Одна из записей – история предсуществований, предыдущих жизней, – в них он верил безусловно. Это комментарий к давнишним строкам – «…я умер. Я менял лики, / Дни быванья, а не бытие…», ко всему циклу «Древняя память», написанному почти двадцать лет назад. Он пишет об Атлантиде и о Гондване. Причем под Гондваной имеет в виду не легендарный материк, а некую метакультуру, включающую остров Яву, Суматру и Южную Индию. Помечает, что жил в странах Наири. Припоминает о жизни в Индии – то на севере ее, во времена империи династии Гуптов, при которых процветали литература и искусства и где он был заклинателем змей, то в XVII веке в Траванкоре, где видит себя брамином-поэтом, живущим на побережье, у озер или у гор, у синей вершины Анаймуди.
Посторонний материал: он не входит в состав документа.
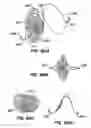 Fig. 50 - Methods for maintaining a filtering device within a lumen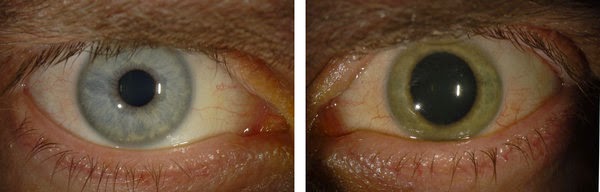 ebola eye pictures ebola eye pictures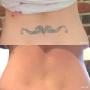 Before & After Lower Back Tattoo Removal Before & After Lower Back Tattoo Removal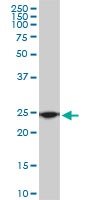 RPL19 monoclonal antibody (M01), clone 3H4. Western blot of RPL19 expression in Raw 264.7.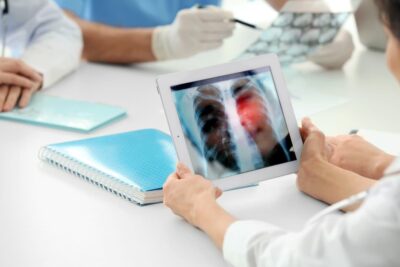 screening-tumore-polmone-1-min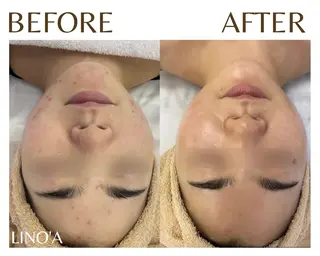 Salon💫 Lino'a柏店のエステ・リラクイメージ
Именно там, на юге Индии, предопределился его путь поэта в последующей жизни: «Дар поэт<ической> ген<иальности> был решен, еще когда ты умирал в Траванкоре».

Он записывает воспоминание о встрече с девушкой, изображенной им некогда в поэме, и тут же возникает давнишний соперник Ю. (Юрий Попов): «Ради ее любви ты отдал сомнит<ельные> блага. Исключен из касты и изгнан. Встречался и в других слоях, но в одном из них Ю. соверш<ил> тяжкую ошибку». «Вызволить Ю. стоило огромных усилий. Он же падал ниже Агра…» Агр, четвертый из слоев чистилищ, слой «черных паров», где грешники искупают свою карму, подробно описан в «Розе Мира». Одно из мучений Агра – «чувство бессильного стыда и созерцание собственного убожества. Другое мучение в том, что здесь начинает впервые испытываться терпкая жалость к другим подобным и приходит понимание своей доли ответственности за их трагическую судьбу». Похожее мучение и переживал Андреев, все время возвращаясь к вине – действительной или мнимой – перед Поповым.